By Kim Rich; Alaska Northwest Books, 2018; 238 pages; $16.95 paperback
Kim Rich is known to many Alaskans as the author of the 1993 memoir “Johnny’s Girl: A Daughter’s Memoir of Growing Up in Alaska’s Underworld.” This now-classic tells her story of living in Anchorage in the 1960s and ’70s as the daughter of Johnny Rich, a professional gambler and owner of “massage parlors” and a mentally ill, institutionalized mother. When her father was murdered in 1973, Rich, age 15, became an orphan.
“A Normal Life” picks up where “Johnny’s Girl” left off. Rich wanted nothing more than “a normal life” after the instability and tragedy of her early years. It won’t give too much away to say that she found that life, not without plenty of adventure along the way. This second memoir is a tribute to strength of character and the kindness of friends, parental figures, and strangers. It affirms the resilience of the human spirit and belief in the goodness of others.
In addition to being Rich’s truly rich personal story, “A Normal Life” offers an insightful portrait of Alaska in the 1970s and ’80s, a time when there was still both a small-town closeness in the state and enormous opportunities for young people.
By Patrice Gopo; W Publishing Group, 2018; 224 pages; $16.99 paperback
Patrice Gopo, formerly Patrice Harduar, grew up in Anchorage as the daughter of Jamaican immigrants. In her beautifully written, insightful and ultimately loving memoir in the form of essays, she takes readers on her journey across the world and into the social and racial issues of our time.

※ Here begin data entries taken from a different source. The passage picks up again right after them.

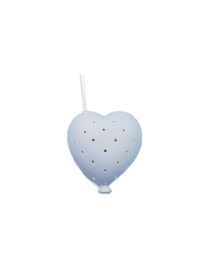 PROFUMATORE CELESTE CUORE 8x15 CENTIMETRI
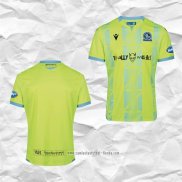 Camiseta Tercera Blackburn Rovers 2023 2024 Tailandia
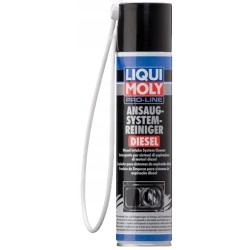 LIQUI MOLY PRO-LINE OCZYSZCZACZ KOLEKTORA 5168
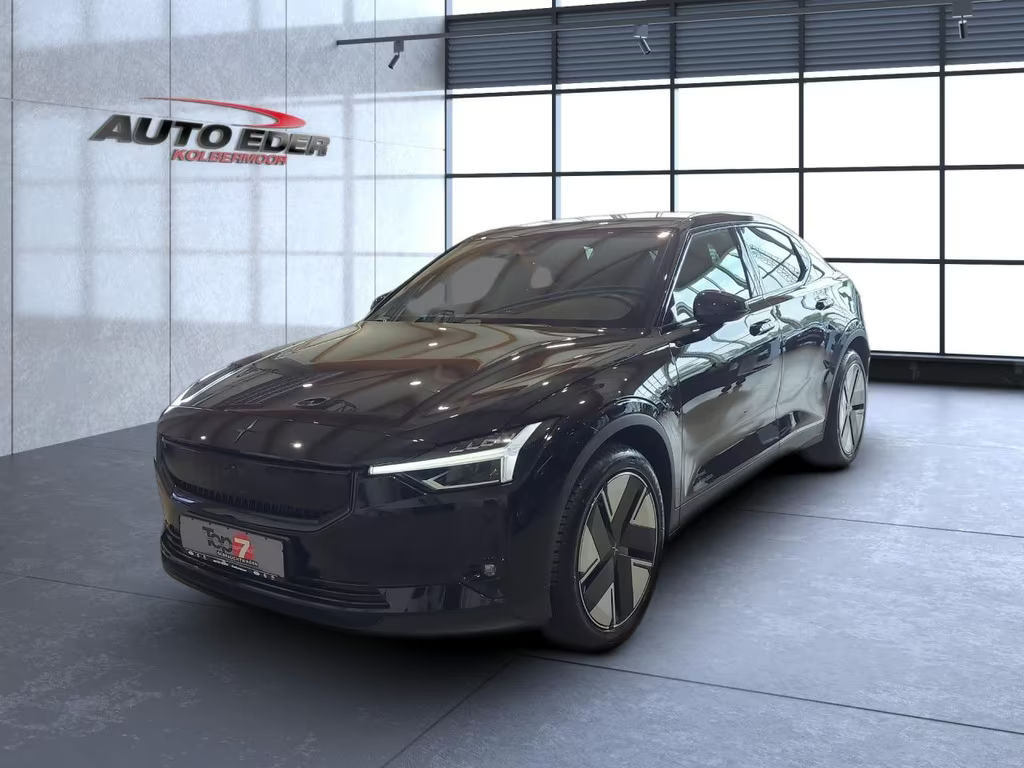 Polestar 2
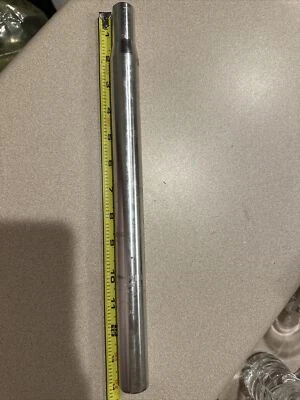 27.2 Promax Seatpost 350mm - Image 1 of 3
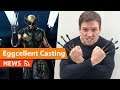 Taron Egerton Eyed For Wolverine Role In MCU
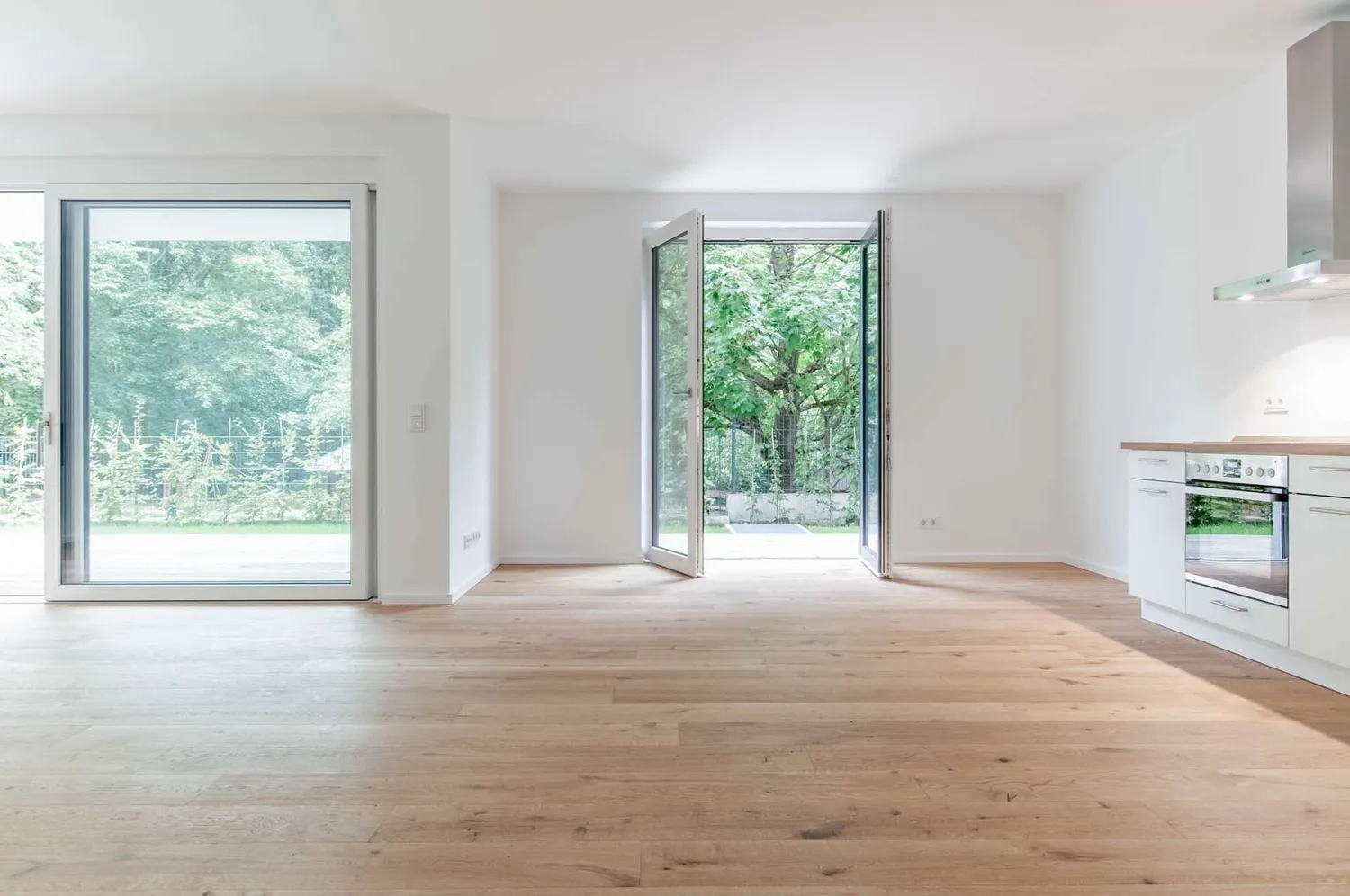 3 Zimmer Wohnung mit 113 m² in Berlin – Bild 2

Anchorage in the 1980s and ‘90s was nowhere near as diverse as it has become, and Patrice and her sister grew up living in a largely white world. Their parents, moreover, as Jamaica immigrants of African and Indian descent, had little experience of black American culture. Gopo convincingly describes their lives as “tamarind balls” — mixtures of Jamaican roots and an American life. When she got to college she formed friendships with African-Americans and also became more acquainted with racism. Later essays address her experiences working in Africa and then living in North Carolina.
In our nation’s time of racial strife, immigration politics and general divisiveness, “All the Colors We Will See” is a very welcome addition to the open-hearted discussion we all should be having. Gopo does not try to tell us how to live; she simply shows us how it has been for her to be herself — a person of intelligence and faith, an “other” who is finding her way. Her sensitive but direct questioning and her eloquent prose make this book a joy to read.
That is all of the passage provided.